> _Exercise prompt_: All of the data below should be repeated exactly. Pictures should not be included.

> _Data shown_:
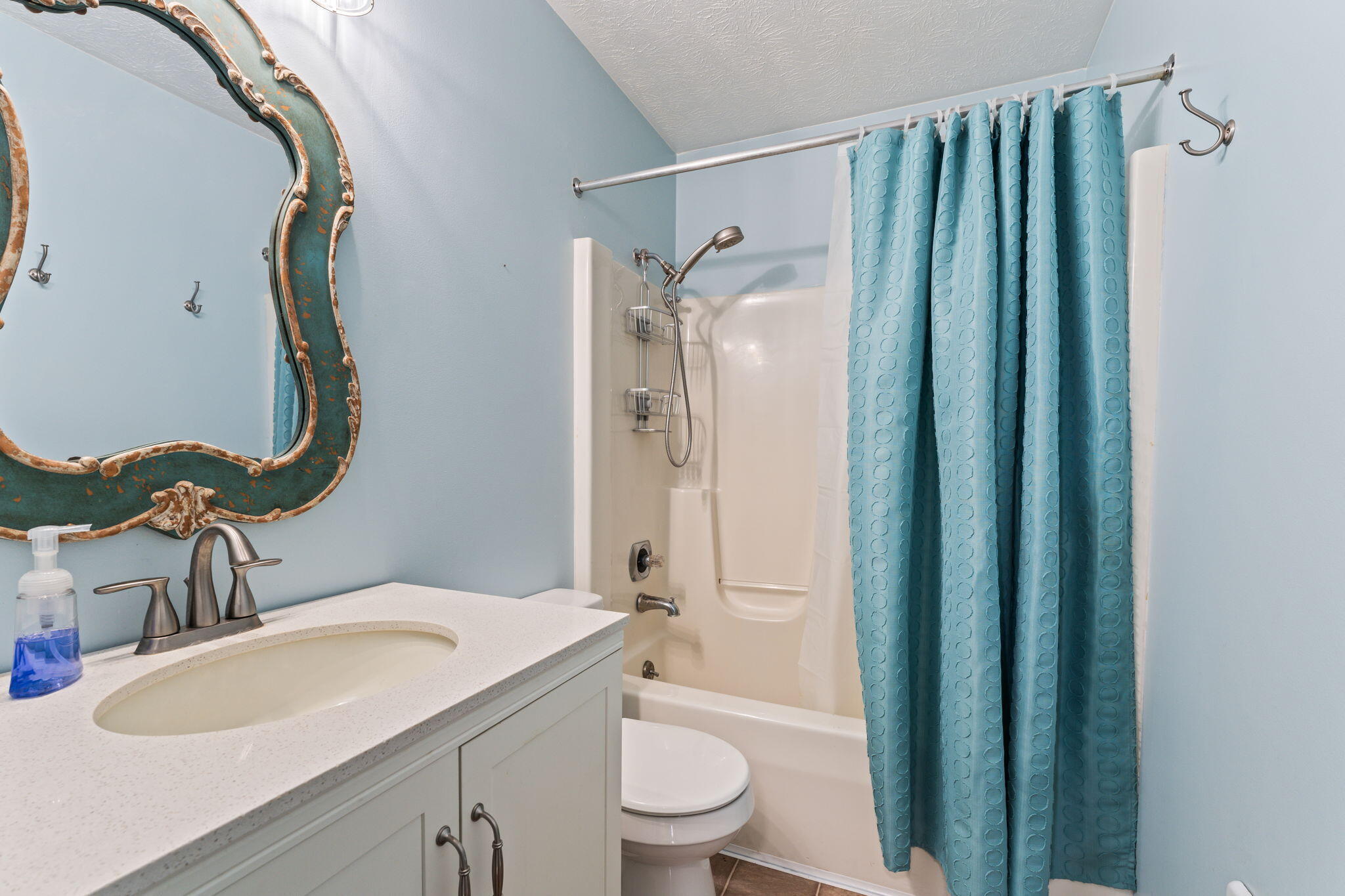 4716 Old Clifton Road, Springfield, Ohio 45502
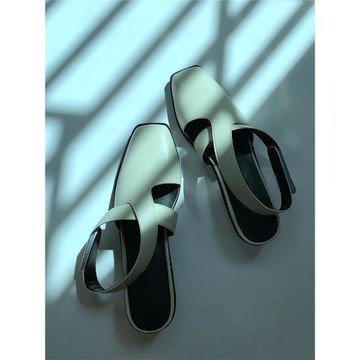 交叉原創小眾設計感包頭粗跟涼鞋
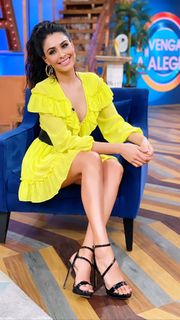 Kristal Silva feet photo thumbnail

> _Output of the task_:
 4716 Old Clifton Road, Springfield, Ohio 45502
 交叉原創小眾設計感包頭粗跟涼鞋
 Kristal Silva feet photo thumbnail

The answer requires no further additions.